RECORDS FOR THIS EXERCISE below:
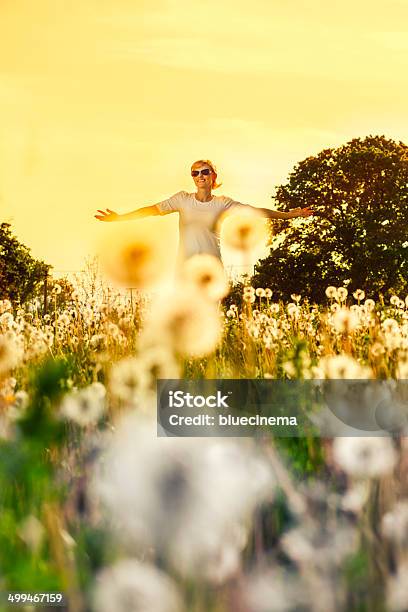 Diversión Foto de stock y más banco de imágenes de Flor - Flor, Mujeres, 30-39 años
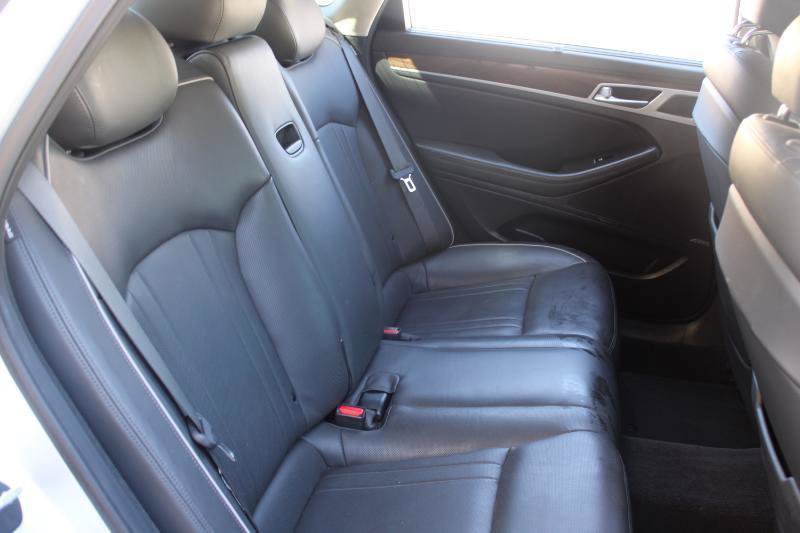 Used 2017 Genesis G80 3.8 w/ Option Group 03 RWD image 13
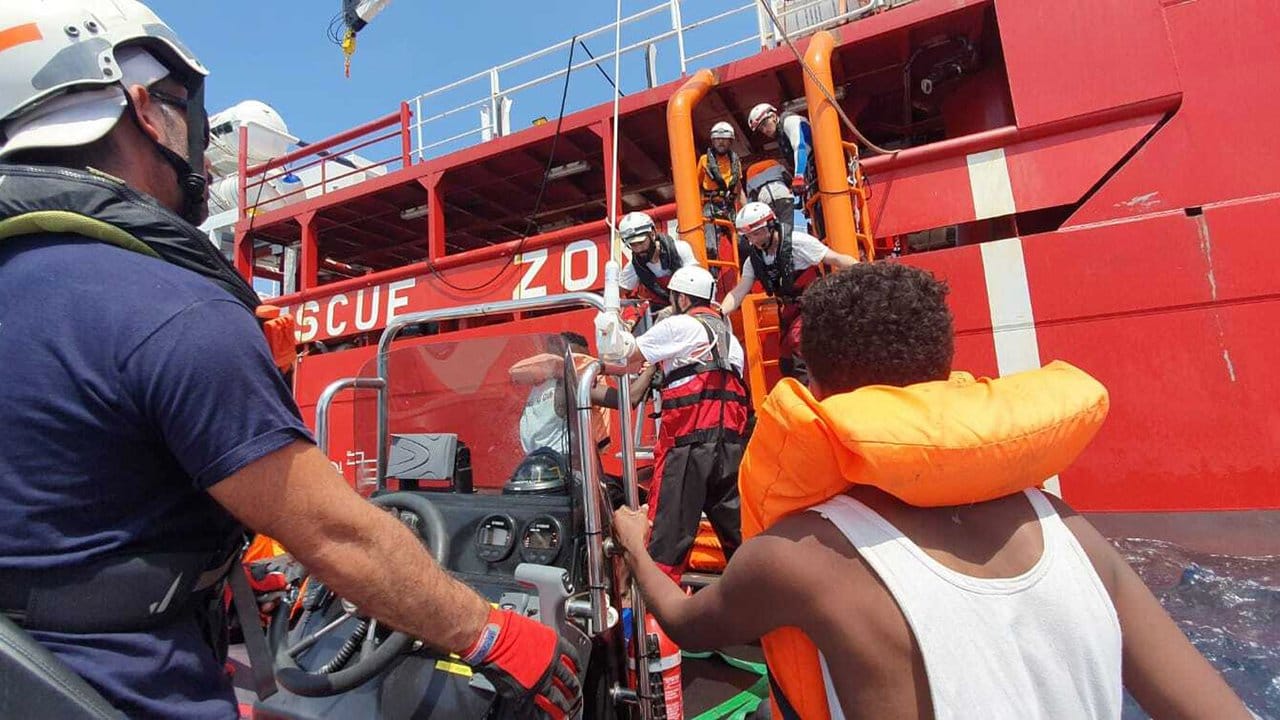 Migranten werden an Bord der "Ocean Viking" aufgenommen.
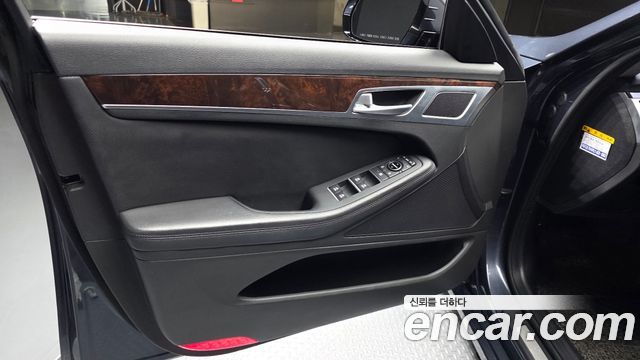 Hyundai Genesis 2016 — photo 14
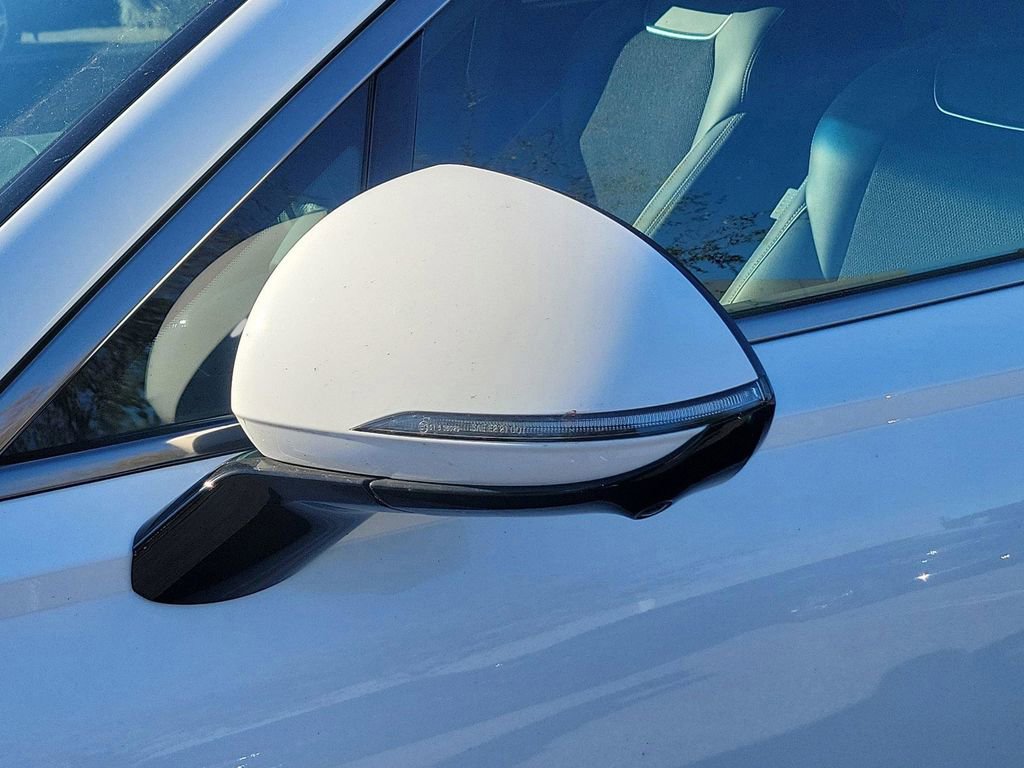 Used 2025 Genesis GV70 2.5T Sport Prestige w/ Sport Prestige Package image 12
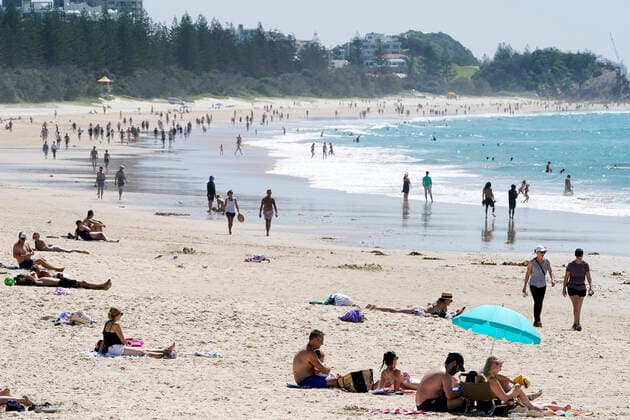 AUSTRALIA CORONAVIRUS COVID-19, Crowds are seen at Burleigh Beach on the Gold Coast, Sunday, April 5, 2020. The Queensland premier Annastacia Palaszczuk has again warned residents who continue to flout social distancing guidelines. ( NO ARCHIVING, EDITORIAL USE ONLY, NO USE IN BOOKS WITHOUT CONSENT GOLD COAST QLD AUSTRALIA  Copyright: xDAVExHUNTx 20200405001461853035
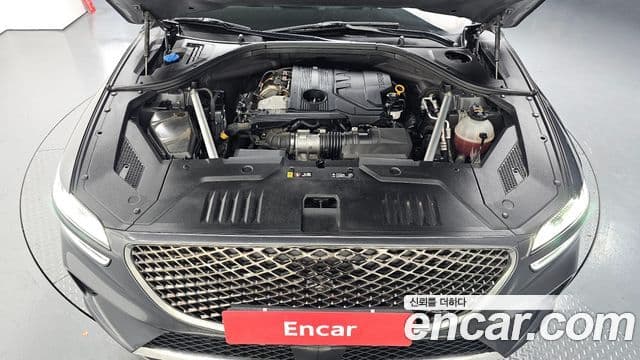 Genesis GV70, 2021 8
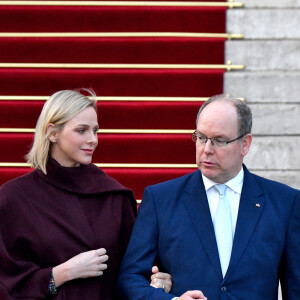 Info - Le prince Albert II de Monaco testé postif au coronavirus (COVID-19) - Exclusif - Ordination du nouvel archevêque de la Prinpauté de Monaco, Dominique Marie David, en présence du prince Souverain Albert II de Monaco et sa femme la princesse Charlene à Monaco le 8 mars 2019. © Bruno Bebert / PRM / Bestimage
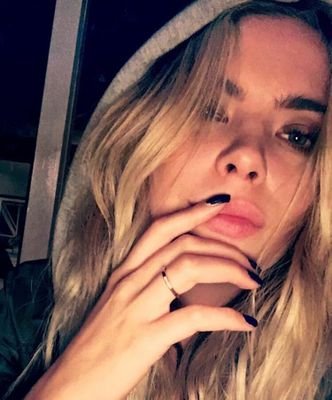 #RolldrisLatAm ➰
los orígenes ➰
17 años ➰
muerta➰
fantasma del instituto de Londres ➰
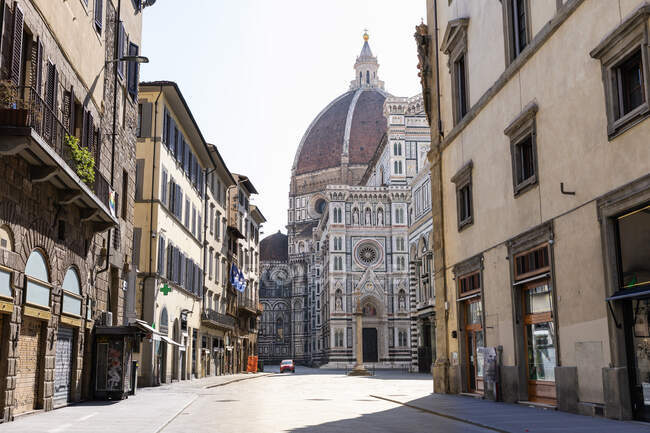 Empty street towards the Duomo di Santa Maria del Fiore in Florence, Italy during the Corona virus crisis — Stock Photo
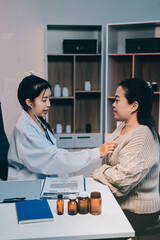 Obraz premium Doctor use stethoscope examining respiratory system and consultations for the elderly patients, talking check-up health or sharing test results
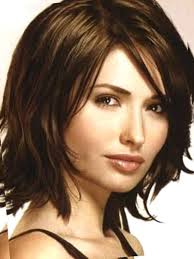 If you're looking for medium hairstyles for women over 40 that won't take hours to achieve sat in front of the mirror ever morning, you've come to the large heated rollers can be used to easily (and lazily) achieve this look, leaving them in as you finish your makeup and get everything else, ready, before. Hairstyle For Fat Face Double Chin Male Viral Blog F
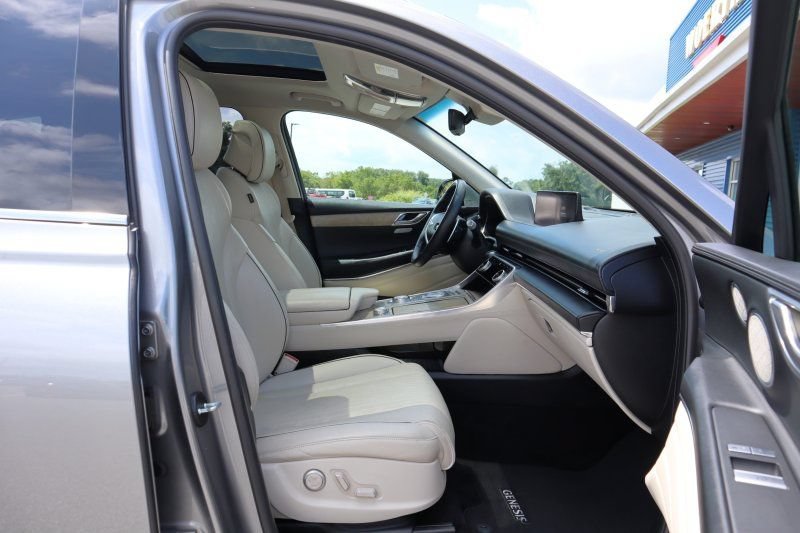 Used 2021 Genesis GV80 3.5T Advanced + AWD/4WD image 22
End of RECORDS FOR THIS EXERCISE.
» WHAT TO DO
Would you return all of the entries unchanged while omitting the images?

» SOLVED PROBLEM
 Diversión Foto de stock y más banco de imágenes de Flor - Flor, Mujeres, 30-39 años
 Used 2017 Genesis G80 3.8 w/ Option Group 03 RWD image 13
 Migranten werden an Bord der "Ocean Viking" aufgenommen.
 Hyundai Genesis 2016 — photo 14
 Used 2025 Genesis GV70 2.5T Sport Prestige w/ Sport Prestige Package image 12
 AUSTRALIA CORONAVIRUS COVID-19, Crowds are seen at Burleigh Beach on the Gold Coast, Sunday, April 5, 2020. The Queensland premier Annastacia Palaszczuk has again warned residents who continue to flout social distancing guidelines. ( NO ARCHIVING, EDITORIAL USE ONLY, NO USE IN BOOKS WITHOUT CONSENT GOLD COAST QLD AUSTRALIA  Copyright: xDAVExHUNTx 20200405001461853035
 Genesis GV70, 2021 8
 Info - Le prince Albert II de Monaco testé postif au coronavirus (COVID-19) - Exclusif - Ordination du nouvel archevêque de la Prinpauté de Monaco, Dominique Marie David, en présence du prince Souverain Albert II de Monaco et sa femme la princesse Charlene à Monaco le 8 mars 2019. © Bruno Bebert / PRM / Bestimage
 #RolldrisLatAm ➰
los orígenes ➰
17 años ➰
muerta➰
fantasma del instituto de Londres ➰
 Empty street towards the Duomo di Santa Maria del Fiore in Florence, Italy during the Corona virus crisis — Stock Photo
 Obraz premium Doctor use stethoscope examining respiratory system and consultations for the elderly patients, talking check-up health or sharing test results
 If you're looking for medium hairstyles for women over 40 that won't take hours to achieve sat in front of the mirror ever morning, you've come to the large heated rollers can be used to easily (and lazily) achieve this look, leaving them in as you finish your makeup and get everything else, ready, before. Hairstyle For Fat Face Double Chin Male Viral Blog F
 Used 2021 Genesis GV80 3.5T Advanced + AWD/4WD image 22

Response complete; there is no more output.